It's been 24 hours since giving him an antihistamine and Rimadyl and well, I'm slowly seeing it take a better shape. He definitely has a long way to go to total improvement but there is some form now at least and the color is getting back to his normal color. I know TMI, but the stool got lighter on the antihistamines. I hope and pray we see major improvement today and tomorrow because Tuesday is when his back yard is taken over by fence work and we will be doing walks out front. He is feeling great by the way--he did some zoomies for me this morning before leaving for his walk.
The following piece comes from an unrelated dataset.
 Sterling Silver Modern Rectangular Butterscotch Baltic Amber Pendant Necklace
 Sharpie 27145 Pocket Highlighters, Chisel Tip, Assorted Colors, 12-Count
I always enjoy seeing zoomies, especially for an 8 year old dog!


----------



## Dallas Gold (Dec 22, 2007)

I made a PDF of that handy chart for anyone wanting to keep a copy on their computers:

View attachment possible side effects of antihistamines.pdf


----------



## CAROLINA MOM (May 12, 2009)

Zoomies in an 8 year old boy is Fantatsic in my book, awesome to watch.

Glad to hear Toby is doing better today, hope each day shows improvement. 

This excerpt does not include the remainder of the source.